The task: In the data below, begin at the line with "BVM6 E6dT #2" and stop after the line with "118 Gorham Ave, Warwick, RI 02886 photo 2"; output those lines exactly and no pictures.

Source information:
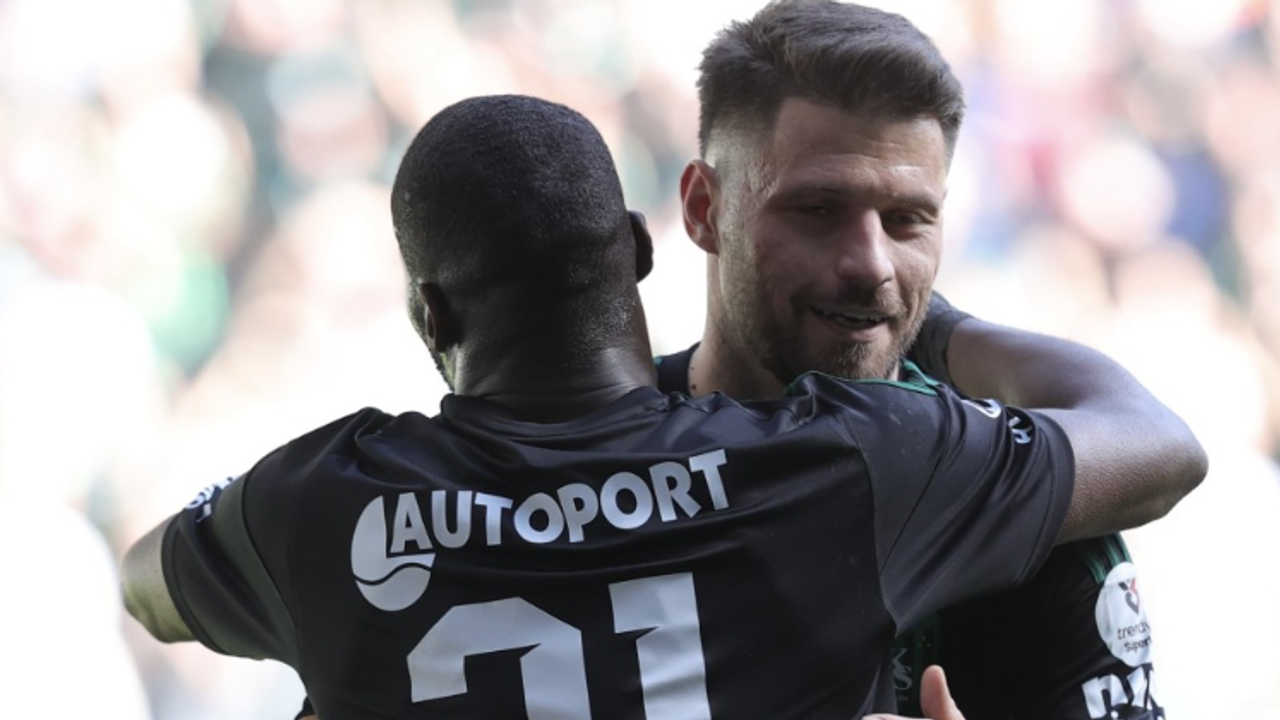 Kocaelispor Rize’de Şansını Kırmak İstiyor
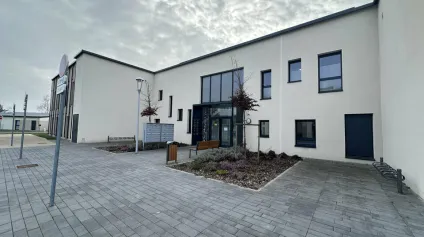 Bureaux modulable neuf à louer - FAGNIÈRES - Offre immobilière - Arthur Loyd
---
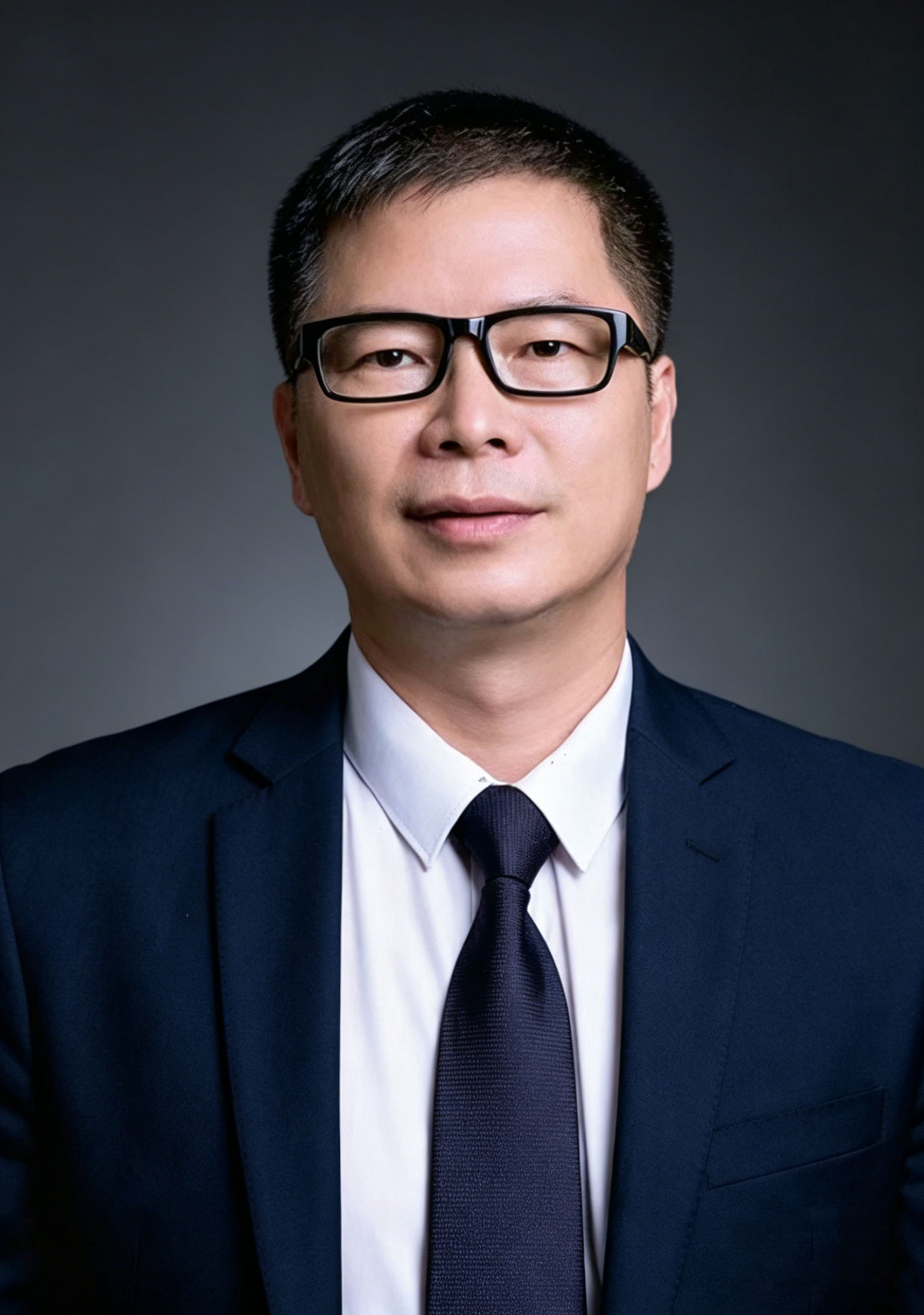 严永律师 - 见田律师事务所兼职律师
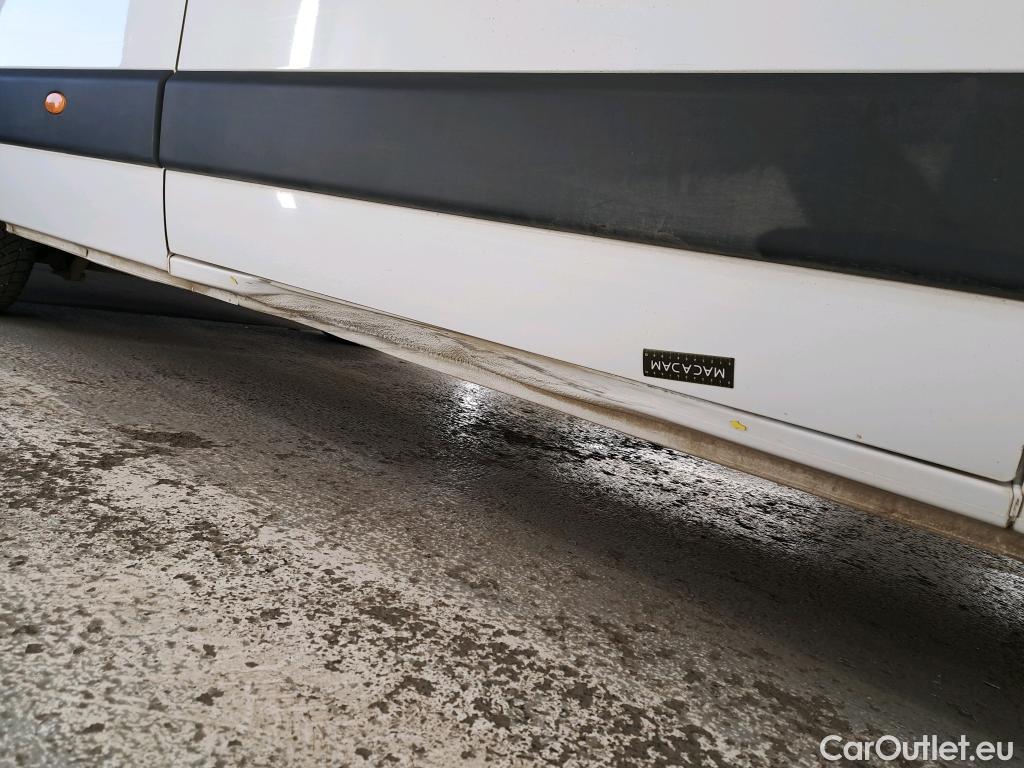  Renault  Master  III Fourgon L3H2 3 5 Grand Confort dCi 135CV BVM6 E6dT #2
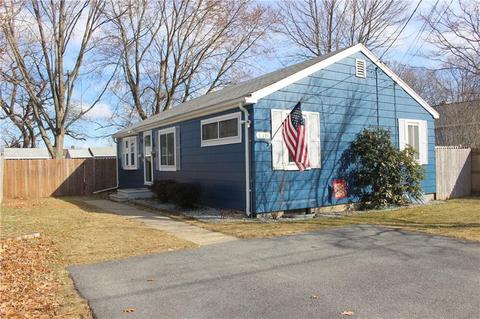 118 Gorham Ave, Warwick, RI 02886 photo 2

Answer area:
  Renault  Master  III Fourgon L3H2 3 5 Grand Confort dCi 135CV BVM6 E6dT #2
 118 Gorham Ave, Warwick, RI 02886 photo 2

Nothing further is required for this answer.